FILE *dest = stdout; // This is a temporary test

strm.zalloc = Z_NULL;
strm.zfree = Z_NULL;
strm.opaque = Z_NULL;
ret = deflateInit(&strm, Z_BEST_SPEED);
//ret = deflateInit2(&strm, Z_BEST_SPEED, Z_DEFLATED, 15 | 16, 8,
Z_DEFAULT_STRATEGY);

if (ret != Z_OK)
     return ret;

/* XXX Beginning of writing the header */

strm.next_in = (unsigned char *) header;
strm.avail_in = strlen(header) + 1;

do {
     strm.avail_out = Z_CHUNK;
     strm.next_out = out;
     if (deflate (& strm, Z_FINISH) < 0) {
          fprintf(stderr, "returned a bad status of.\n");
          exit(0);
     }
     have = Z_CHUNK - strm.avail_out;
     fwrite(out, 1, have, stdout);
} while(strm.avail_out == 0);

/* XXX End of writing the header */

do {
     strm.avail_in = fread(in, 1, Z_CHUNK, source);
     if (ferror(source)) {
          (void)deflateEnd(&strm);
          return Z_ERRNO;
     }

     flush = feof(source) ? Z_FINISH : Z_NO_FLUSH;
     strm.next_in = in;

     do {
          strm.avail_out = Z_CHUNK;
          strm.next_out = out;
          ret = deflate(&strm, flush);
          have = Z_CHUNK - strm.avail_out;
          if (fwrite(out, 1, have, dest) != have || ferror(dest)) {
               (void)deflateEnd(&strm);
               return Z_ERRNO;
          }
     } while(strm.avail_out == 0);

} while (flush != Z_FINISH);

} // End of function
2
Some questions, for clarification: 1) you defined "#define Z_CHUNK16384", I suppese it should be "#define Z_CHUNK 16384". If Z_CHUNK is defined elsewhere, the program compiles but uses an unexpectec chunk size.Giuseppe Guerrini
2) You are using strlen on header. Is the header a null terminated string?Giuseppe Guerrini
Z_CHUNK is called CHUNK and is defined as 16384 in the zpipe.c example from the zlib documentation. Just from knowing the code, I know that header is not null, but I take your point of needing to add an error checking.Farhan Yusufzai
Ok, I just wanted to point out that there should be a space between "Z_CHUNK" and "16384" in your #define at line 1, otherwise you don't actually define the macro "Z_CHUNK", but "Z_CHUNK13384".Giuseppe Guerrini

2 Answers

1
votes

deflate is not an archiver. It only compresses a stream. Once the stream is exhausted, your options are very limited. The manual clearly says that

If the parameter flush is set to Z_FINISH, pending input is processed, pending output is flushed and deflate returns with Z_STREAM_END if there was enough output space. If deflate returns with Z_OK or Z_BUF_ERROR, this function must be called again with Z_FINISH and more output space (updated avail_out) but no more input data, until it returns with Z_STREAM_END or an error. After deflate has returned Z_STREAM_END, the only possible operations on the stream are deflateReset or deflateEnd.

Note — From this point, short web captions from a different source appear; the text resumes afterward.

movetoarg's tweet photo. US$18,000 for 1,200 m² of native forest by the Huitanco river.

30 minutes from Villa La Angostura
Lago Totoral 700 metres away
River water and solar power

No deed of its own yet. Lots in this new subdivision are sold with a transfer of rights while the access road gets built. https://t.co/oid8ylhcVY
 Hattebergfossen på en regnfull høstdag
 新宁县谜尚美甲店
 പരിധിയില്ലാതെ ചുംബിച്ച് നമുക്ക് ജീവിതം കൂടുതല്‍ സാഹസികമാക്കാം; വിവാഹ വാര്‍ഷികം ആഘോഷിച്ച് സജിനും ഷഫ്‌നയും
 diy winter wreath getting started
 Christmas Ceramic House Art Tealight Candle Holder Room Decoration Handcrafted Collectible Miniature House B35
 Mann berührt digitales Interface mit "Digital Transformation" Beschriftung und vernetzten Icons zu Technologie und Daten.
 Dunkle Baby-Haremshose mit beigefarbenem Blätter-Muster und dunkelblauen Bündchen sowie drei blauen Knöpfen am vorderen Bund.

However, you are calling deflate for the file after you Z_FINISH the header, and zlib behaves unpredictably. The likely fix is to not use Z_FINISH for the header at all, and let the other side understand that the first line in the decompressed string is a header (or impose some archiving protocol understood by both sides).

0
votes

Your first calls of deflate() should use Z_NO_FLUSH, not Z_FINISH. Z_FINISH should only be used when the last of the data to be compressed is provided with the deflate() call.